Brad Brad - 3 months ago 7
PHP Question

PHP - Create a new array using list of array keys in dot notation

I'm in the process of building a REST API and all data is being returned as JSON. Each request is funneled through a single function that does the job of setting HTTP status codes, returning messages or data, setting headers, etc. I also allow users to add a

?fields=
parameter where they can specify what fields they want returned (e.g
?fields=id,hostnames,ip_addresses
), if the parameter is not present they of course get all the data returned. The function that does this is also part of the function mentioned earler that sets the headers/data/messages, etc. What I want to be able to do is allow the user to specify field names using dot notation so they can specify fields from something other than a top-level field.
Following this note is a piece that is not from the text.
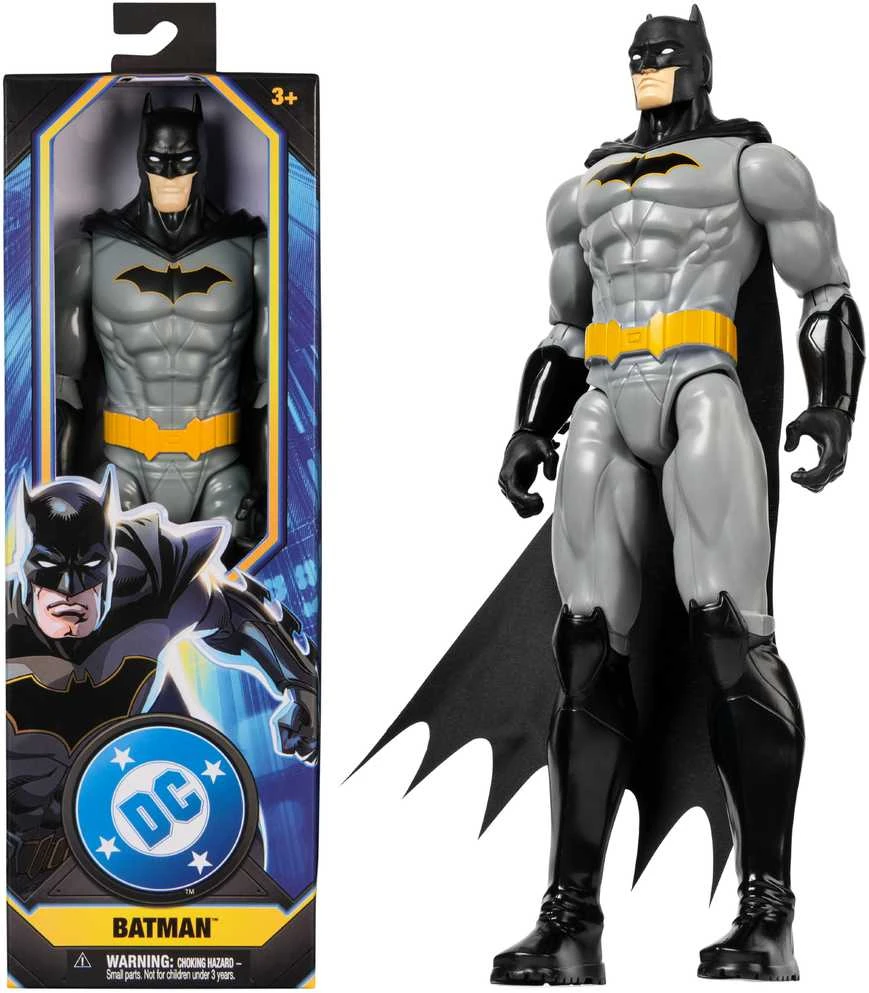 Batman Betmenas - Figūrėlė S1 30 cm - Betmenas (6065135)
So for example, I have a structure like this:

{
"id": "8a2b449111b449409c465c66254c6fcc",
"hostnames": [
"webapp1-sfo",
"webapp1-sfo.example.com"
],
"ip_addresses": [
"12.26.16.10",
"ee80::ae56:2dff:fd89:7868"
],
"environment": "Production",
"data_center": "sfo",
"business_unit": "Operations",
"hardware_type": "Server",
"currently_in_maintenance": false,
"history": [
{
"id": 58,
"time_start_utc": "2013-01-27 00:40:00",
"time_end_utc": "2013-01-27 01:45:00",
"ticket_number": "CHG123456",
"reason": "January production maintenance",
"links": [
{
"rel": "self",
"link": "https://localhost/api/v1/maintenances/58"
}
]
},
{
"id": 104,
"time_start_utc": "2013-02-25 14:36:00",
"time_end_utc": "2013-02-25 18:36:00",
"ticket_number": "CHG456789",
"reason": "February production maintenance",
"links": [
{
"rel": "self",
"link": "https://localhost/api/v1/maintenances/104"
}
]
},
{
"id": 143,
"time_start_utc": "2013-03-17 00:30:00",
"time_end_utc": "2013-03-17 01:55:00",
"ticket_number": "CHG789123",
"reason": "March production maintenance",
"links": [
{
"rel": "self",
"link": "https://localhost/api/v1/maintenances/143"
}
]
}
]
}


Using this function, I can pull out top level fields (where
$mData
is the data structure above, and
$sParams
is the string of fields requested by the user):

private function removeFields($mData, $sParams){
$clone = $mData; // Clone the original data
$fields = explode(',', $sParams);

// Remove fields not requested by the user

foreach($mData as $key => $value){
if(!in_array((string)$key, $fields)){
unset($mData[$key]);
}
}

// If no fields remain, restore the original data
// Chances are the user made a typo in the fields list

if(count($mData) == 0){
$mData = $clone;
}

return $mData;
}


Note:
$sParams
comes in as a string and is what is provided by the user (comma separated list of fields they want to see).

So
?fields=hostnames,history
would return:

{
"hostnames": [
"webapp1-sfo",
"webapp1-sfo.example.com",
],
"history": [
{
"id": 58,
"time_start_utc": "2013-01-27 00:40:00",
"time_end_utc": "2013-01-27 01:45:00",
"ticket_number": "CHG123456",
"reason": "January production maintenance",
"links": [
{
"rel": "self",
"link": "https://localhost/api/v1/maintenances/58"
}
]
},
{
"id": 104,
"time_start_utc": "2013-02-25 14:36:00",
"time_end_utc": "2013-02-25 18:36:00",
"ticket_number": "CHG456789",
"reason": "February production maintenance",
"links": [
{
"rel": "self",
"link": "https://localhost/api/v1/maintenances/104"
}
]
},
{
"id": 143,
"time_start_utc": "2013-03-17 00:30:00",
"time_end_utc": "2013-03-17 01:55:00",
"ticket_number": "CHG789123",
"reason": "March production maintenance",
"links": [
{
"rel": "self",
"link": "https://localhost/api/v1/maintenances/143"
}
]
}
]
}


But if I want to return maybe just the
ticket_number
field from
history
I want the user to be able to do
?fields=history.ticket_number
or if they want the ticket number and link they could do this:
?fields=history.ticket_number,history.links.link
...which would return:

{
"history": [
{
"ticket_number": "CHG123456",
"links": [
{
"link": "https://localhost/api/v1/maintenances/58"
}
]
},
{
"ticket_number": "CHG456789",
"links": [
{
"link": "https://localhost/api/v1/maintenances/104"
}
]
},
{
"ticket_number": "CHG789123",
"links": [
{
"link": "https://localhost/api/v1/maintenances/143"
}
]
}
]
}


I've tried many different array access methods for dot notation from stack overflow but they all break when the value of
history
is a numeric array...so for instance, using the methods I've found online so far I would need to do something like this to achieve the same output above (which obviously is not good...especially when you have hundreds of records).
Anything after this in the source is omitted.